Вспоминала о ташкентском своем пребывании в годы войны. Эти рассказы мне плохо запомнились, кроме того, что жила она там вместе с матерью Иосифа Уткина, которую все звали «Матюткина». И была там еще сестра поэта, Гутя, за которой ударял Юзовский. А больше не помню ничего.
Поразила беспощадная объективность, с которой Лидия Корнеевна говорила об отце, при этом любя его и глубоко почитая. Корней Иванович, по ее словам, никогда не имел истинных-интимных — друзей, ибо «человек в глубину» его не интересовал. Тех, с кем он охотно общался, воспринимал только как рассказчиков или собеседников. Не выносил ничью боль, терпеть не мог слушать о ней, сочувствовать, обсуждать. Он охотно откликался на просьбу помочь — Лидия Корнеевна считала, что это тоже своеобразная форма «отмахиванья от беды»: вы просите — я сделаю все, что могу, и баста, и хватит об этом! Если же помочь он ничем не мог, то и разговоры напрасны: незачем трепать нервы друг другу, лучше поговорить о чем-нибудь веселом.
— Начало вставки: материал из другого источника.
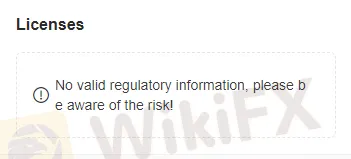 Pas de licence Pas de licence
Лидия Корнеевна была «объективно» беспощадной не только к отцу, но и к себе самой. Запомнилось ее признание: «Два понятия я никогда не могла уразуметь — что такое пикантность и что такое женственность». Мы с Гладковым переглянулись…
И помню еще, как она меня срезала, когда, рассказывая о чем-то, я употребил штампованное выражение: «торжествующее хамство». «Каким, интересно, оно может быть? — насмешливо спросила Лидия Корнеевна. — Вы когда-нибудь встречались с застенчивым хамством?»
В Комарове, на берегу залива, вдали от глушилок, легко ловились «вражьи голоса». У меня и у Гладкова были транзисторы, и мы просвещали Лидию Корнеевну новостями «оттуда». Только что Сартр отказался от премии Нобеля, и педантичный Гладков, прослушав сообщение об этом несколько раз, записал текст его заявления с объяснением принятого им решения. Текст этот остался в моем архиве именно в записи Гладкова, — возможно, не аутентичной, но с несомненностью подлинной.
«В нынешних условиях, — нагло вещал этот самодовольный левак, поучавший тех, кто находился в советской клетке, — Нобелевская премия выглядит как награда либо писателям Запада, либо строптивцам с Востока. Ею, например, не увенчали Пабло Неруду, одного из крупнейших поэтов Америки. Речь никогда всерьез не шла о Луи Арагоне, который ее вполне заслуживает. Достойно сожаления, что премию присудили Пастернаку прежде, чем Шолохову, и что единственное его произведение, удостоенное награды, это книга, изданная за границей и осужденная дома».